Dia mengatakan, kualitas pembangunan kelautan nasional bisa dilihat dari dampaknya terhadap neraca sumber daya laut, yang menjadi upaya Pemerintah menjaga ekologi laut. Dari situ, implementasi kebijakan blue ekonomi diharapkan akan terus menyediakan barang dan jasa bagi kebutuhan ekonomi, sosial, dan budaya masyarakat.
baca juga : Ini Target Pemerintah Selesaikan Rencana Zonasi Pemanfaatan Ruang Laut Indonesia
Menteri Koordinator Bidang Kemaritiman dan Investasi Luhut Binsar Pandjaitan kesempatan yang sama mengatakan, penataan ruang laut adalah kegiatan penting dan mutlak untuk dilakukan, karena bisa mendorong Indonesia menjadi Poros Maritim Dunia.
“Dengan mengoptimalkan potensi sumber daya maritim, menjadi poros penting pelayaran dunia, jalur utama telekomunikasi nasional dan global, pusat blue carbon dan energi terbarukan dari laut menjadi aspek penting dalam mewujudkan kedaulatan dan kejayaan maritim Indonesia,” tutur dia.
Menurut dia, cetak biru kedaulatan dan kejayaan maritim Indonesia dimulai dari penataan sistematis ruang laut nasional yang tertuang dalam Rencana Tata Ruang Wilayah Nasional Terintegrasi maupun Rencana Pembangunan Jangka Panjang Nasional 2025-2045.
Tentang penataan tata ruang dan pembangunan nasional, Direktur Perencanaan Tata Ruang Nasional Kementerian Agraria dan Tata Ruang/Badan Pertanahan Nasional Eko Budi Kurniawan memiliki pandangan sendiri.

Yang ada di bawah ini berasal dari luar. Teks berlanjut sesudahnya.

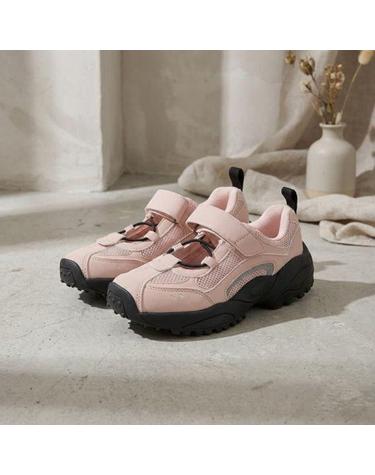 노스페이스 NS82S01D 여성 썬라이즈 메리 제인 DARK PINK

Khususnya tentang pembangunan nasional berwawasan nusantara.
Menurutnya, harus ada integrasi antara perencanaan tata ruang yang ada di wilayah darat dengan wilayah laut. Itu berarti, harus ada sinkronisasi antara semua rencana tata ruang (RTR) yang sudah ada saat ini di wilayah laut.
Sebut saja, Rencana Zonasi Wilayah Pesisir dan Pulau-pulau Kecil (RZ WP3K), RZ Kawasan Antar Wilayah (KAW), RZ Kawasan Strategis Nasional (KSN), RZ KSN Tertentu (KSNT), serta tentu saja paling utama adalah RTR Laut (RTRL).
Integrasi antara wilayah darat dengan laut tersebut masuk dalam rencana pembangunan nasional berwawasan nusantara yang saat ini diterapkan oleh Pemerintah. Contoh paling mudah, adalah integrasi Rencana Tata Ruang Kawasan Perbatasan Negara (RTR KPN) dengan laut lepas dan 12 RZ KSNT yang saat ini sudah selesai.
Ke-12 RZ KSNT itu, adalah RZ KSNT Klaster Raya-Rusa, RZ KSNT Klaster Simeulue, RZ KSNT Klaster Nias, RZ KSNT Klaster Mentawai, RZ KSNT Klaster Bengkulu, RZ KSNT Pulau Bertuah, RZ KSNT Klaster Banten, RZ KSNT Klaster Jawa Barat, RZ KSNT Pulau Nusakambangan, RZ KSNT Klaster Jawa Timur, RZ KSNT Pulau Nusa Penida, dan RZ KSNT Gili Sepatang.
Sementara, Kepala Pusat Pemetaan Tata Ruang dan Atlas Badan Informasi Geospasial (BIG) Ing Khafid menjelaskan bahwa penataan ruang yang terjadi pada masa kini memerlukan transformasi digital dengan mengadopsi teknologi mutakhir.
Namun, untuk melakukan proses transformasi digital, itu memerlukan dukungan data dan informasi Geospasial yang mumpuni. Jika proses tersebut berhasil, maka kebijakan satu peta satu data akan bisa terwujud di Indonesia.
“Ada manfaat yang akan dinikmati oleh pembangunan nasional,” jelas dia.